Le pays enterre ses trois «martyres»
Un chant sourd et sépulcral, l'hymne du Parti des travailleurs du Kurdistan (PKK), s'est propagé dans la foule qui attendait, jeudi, les dépouilles des trois militantes de la guérilla kurde assassinées à Paris la semaine dernière.
À l'arrivée des cercueils drapés dans un drapeau rouge, jaune et vert, aux couleurs du Kurdistan, des dizaines de milliers de personnes ont fait le signe du V et scandé: «Les martyrs ne meurent jamais.» L'hommage rendu à Diyarbakir, la capitale des Kurdes dans le sud-est de la Turquie, à Sakine Cansiz, une des fondatrices du PKK, Fidan Dogan et Leyla Soylemez avant leur dernier voyage jusqu'à leur ville natale, a montré des manifestants adhérant corps et âme à la guérilla du Parti des travailleurs du Kurdistan.
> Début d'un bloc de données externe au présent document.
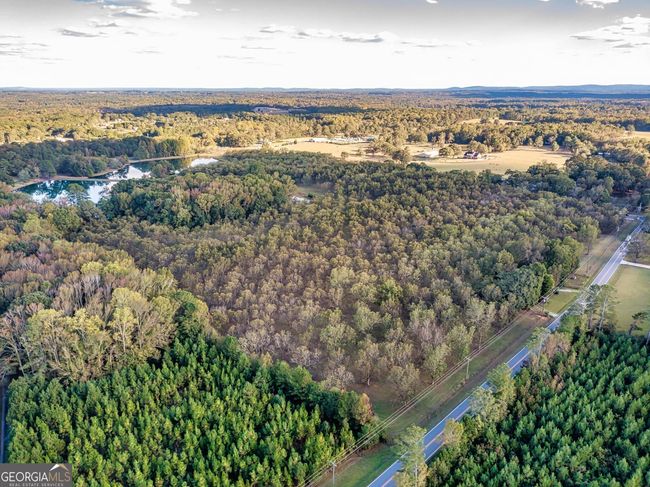 2066 Drew Allen Rd, House other with 4 bedrooms, 3 bathrooms and 3 parking in Williamson GA | Image 98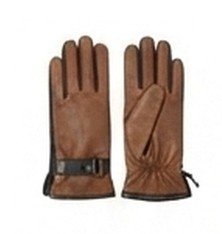 Warm Glove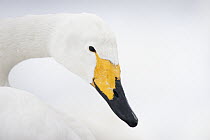 Whooper Swan (Cygnus cygnus), Lake Kussharo, Akan National Park, Japan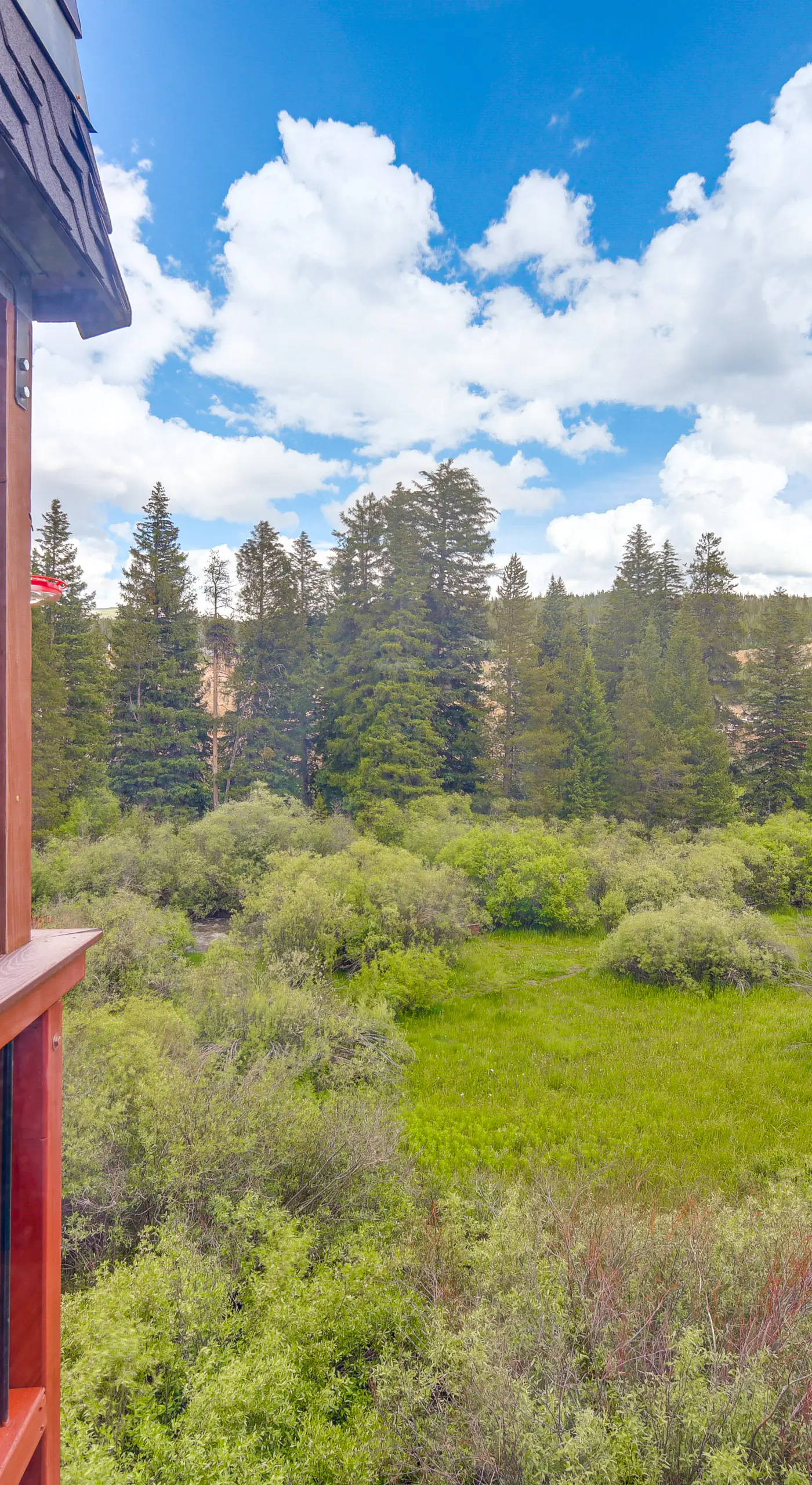 Hike, Bike, Ski: Winter Park Condo w/ Deck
L'absence de heurts avec les forces de l'ordre a donné un signal fort: celui de la poursuite des négociations entamées en décembre entre le gouvernement turc et Abdullah Öcalan, le chef du PKK, pour parvenir à un règlement du conflit qui a fait plus de 45.000 morts depuis 1984.
«Je ressens une tristesse sans nom, explique Sebahat, coiffée du traditionnel voile blanc des paysannes et dont un fils est mort en “luttant”. Ces femmes se battaient pour nos droits. Elles sont notre honneur et notre fierté.» Entre larmes et colère, la confiance dans les pourparlers en cours n'a pas sa place au sein de l'assistance endeuillée. «Comment croire à la paix après ces meurtres?», s'interroge Rojhat - qui signifie «Le soleil est arrivé» en kurde. Après s'être interrompu pour crier «Erdogan, assassin!», ce lycéen de 18 ans poursuit sa démonstration: «Les Turcs essayent de nous entuber.» Pour la communauté kurde, les services secrets turcs sont derrière le triple meurtre. Le gouvernement désigne, lui, un règlement de comptes interne au mouvement autonomiste.
Scepticisme généralisé
Malgré le scepticisme généralisé, les responsables du Parti pour la paix et la démocratie (BDP), la vitrine politique du PKK, ont exhorté leurs partisans à «faire preuve de patience». «Nous pouvons arrêter tout ce sang par la négociation, a proclamé Selahattin Demirtas, président du BDP. Ce n'est pas la revanche qui nous rassemble aujourd'hui, mais la paix. Voilà, le message que nous envoyons. Nous suivons les directives données par Abdullah Öcalan.» Ahmet Türk, un des deux députés à avoir été autorisés par Ankara à rencontrer le chef de la guérilla sur l'île-prison d'Imrali, il y a quinze jours, a exhorté ses compatriotes à poursuivre les efforts «pour parvenir à une paix honorable». Tout en accusant le gouvernement de se livrer à un jeu de dupes: en début de semaine, les F-16 de l'armée turque ont bombardé les bases arrière du PKK installées dans les monts Qandil, en Irak.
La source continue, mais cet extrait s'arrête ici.